— To do —
From the line containing "Old Town Boulevard apartment in city center" down to the final line of the entries below, return each line exactly and drop the pictures.

— Records —
== Segment start ==
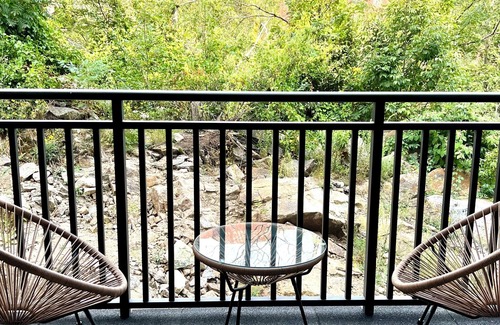 Quincy Apartment | Luxury Furnished 2 Bed Apartment in Quincy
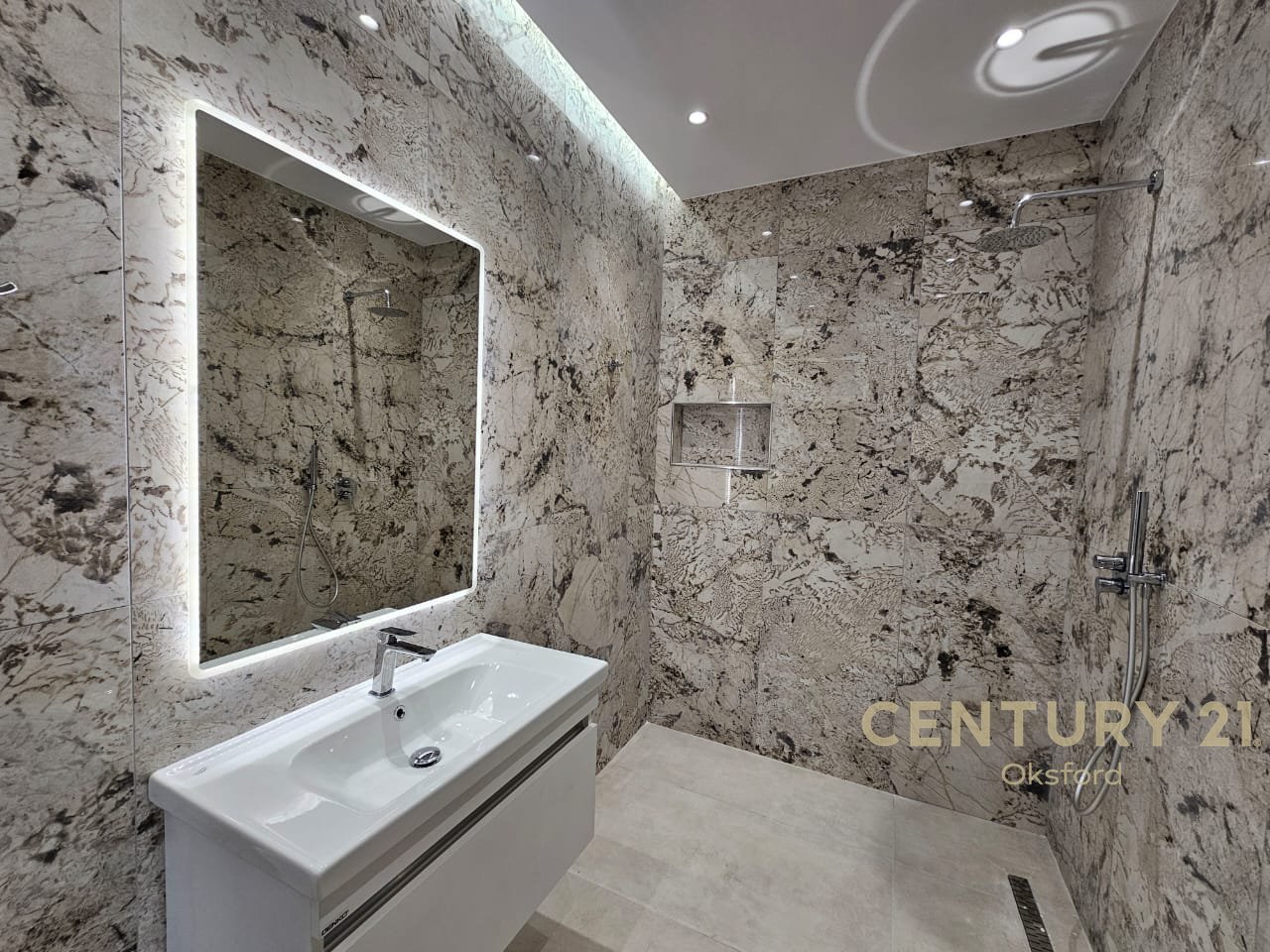 FRESH, TOTALLY RENOVATED APARTMENT FOR SALE WITH QUALITY MATERIALS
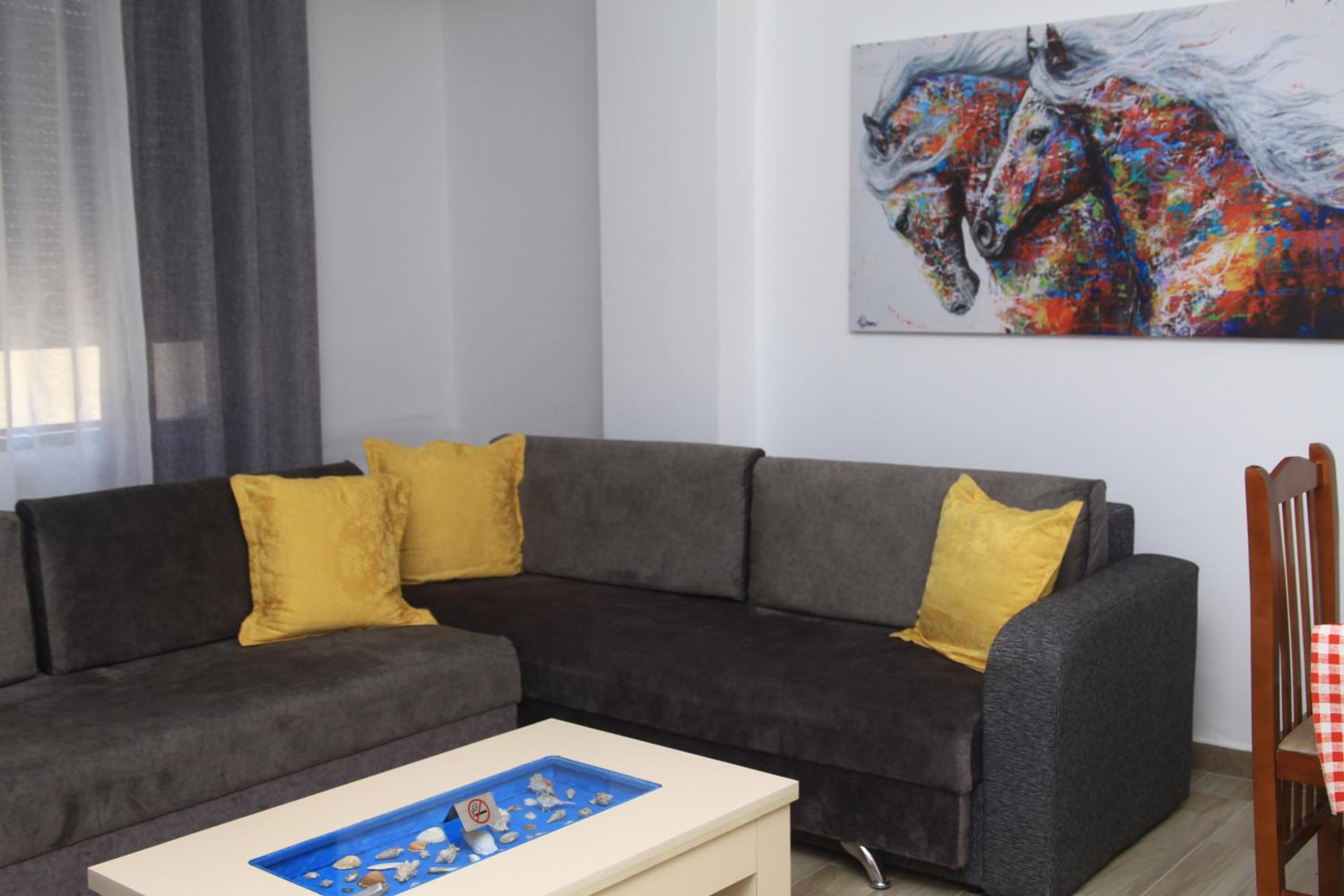 Old Town Boulevard apartment in city center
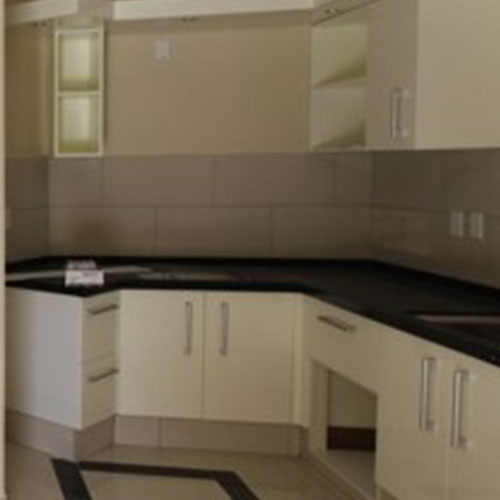 Armário de cozinha preto e branco brilhante moderno na Holanda-Hanse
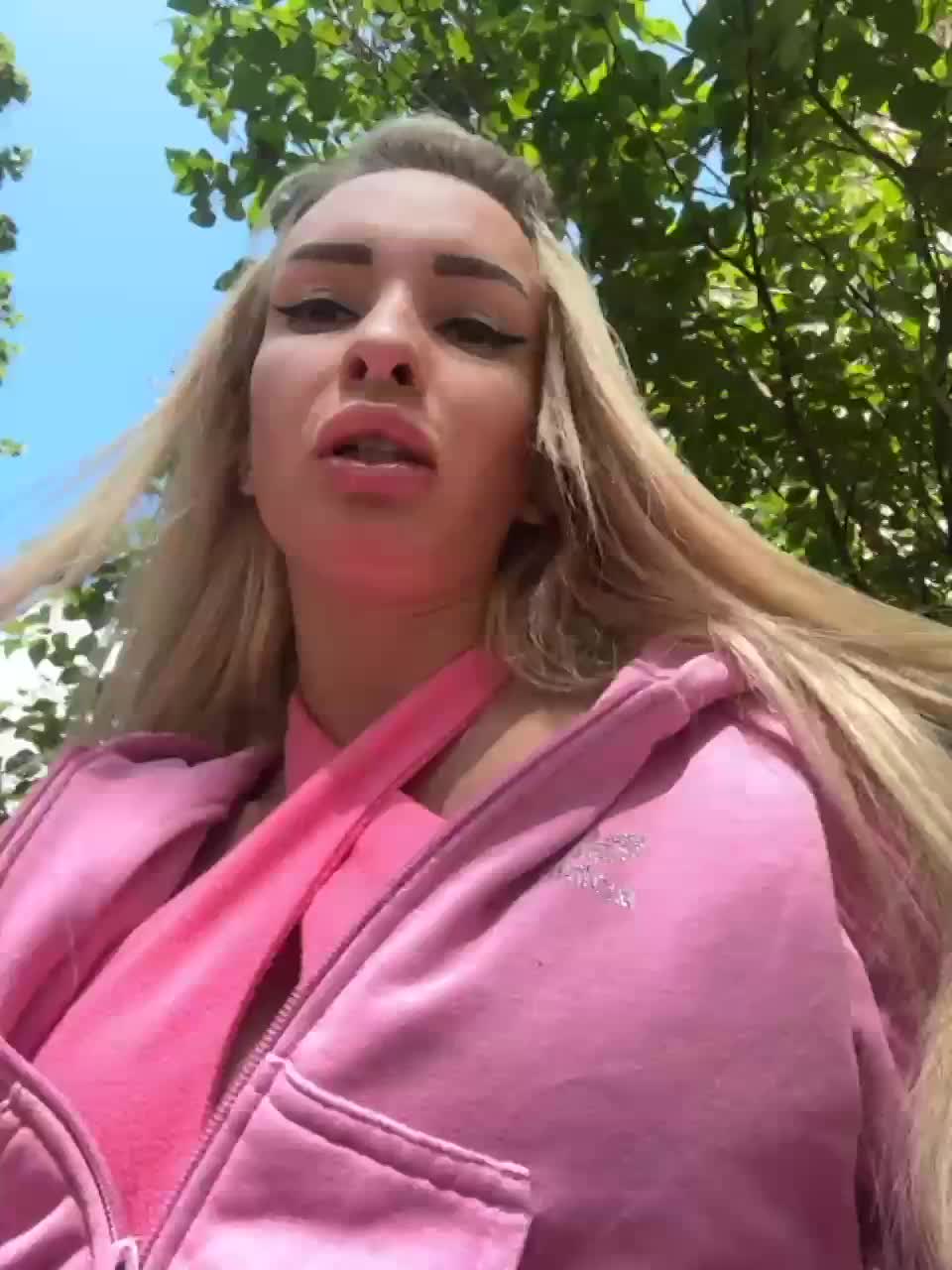 View or download file goldpussy69 on 2023-06-21 from bongacams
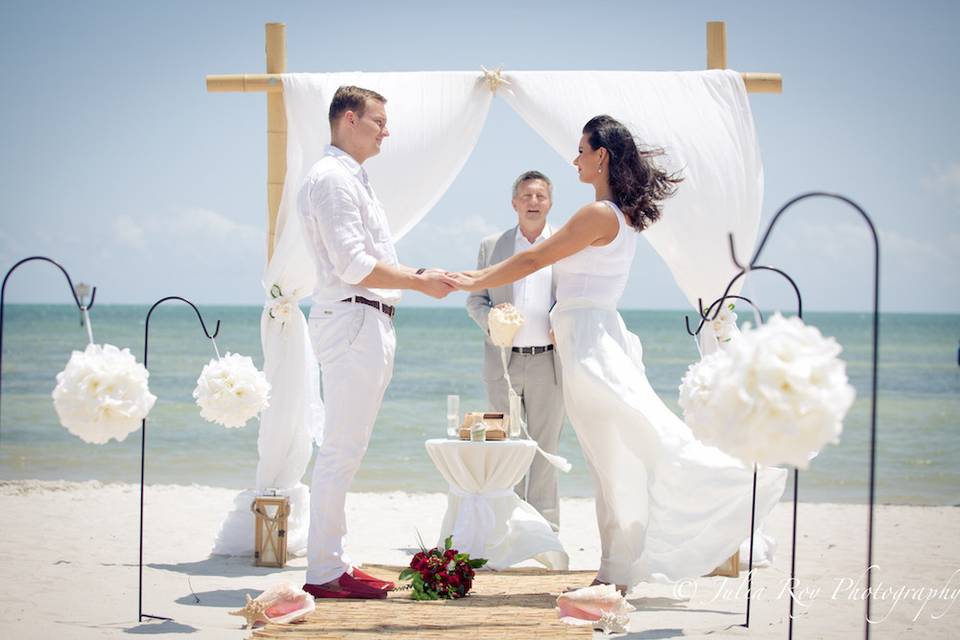 Key West beach wedding , renewal vows in Key West, Key West elopement, Key West photographer. Julia Roy Photography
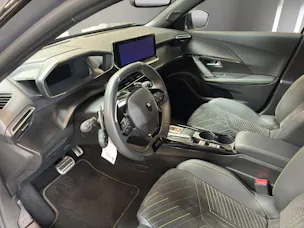 PEUGEOT 2008 1.2 145 MHEV GT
== Segment end ==
— The completed task —
 Old Town Boulevard apartment in city center
 Armário de cozinha preto e branco brilhante moderno na Holanda-Hanse
 View or download file goldpussy69 on 2023-06-21 from bongacams
 Key West beach wedding , renewal vows in Key West, Key West elopement, Key West photographer. Julia Roy Photography
 PEUGEOT 2008 1.2 145 MHEV GT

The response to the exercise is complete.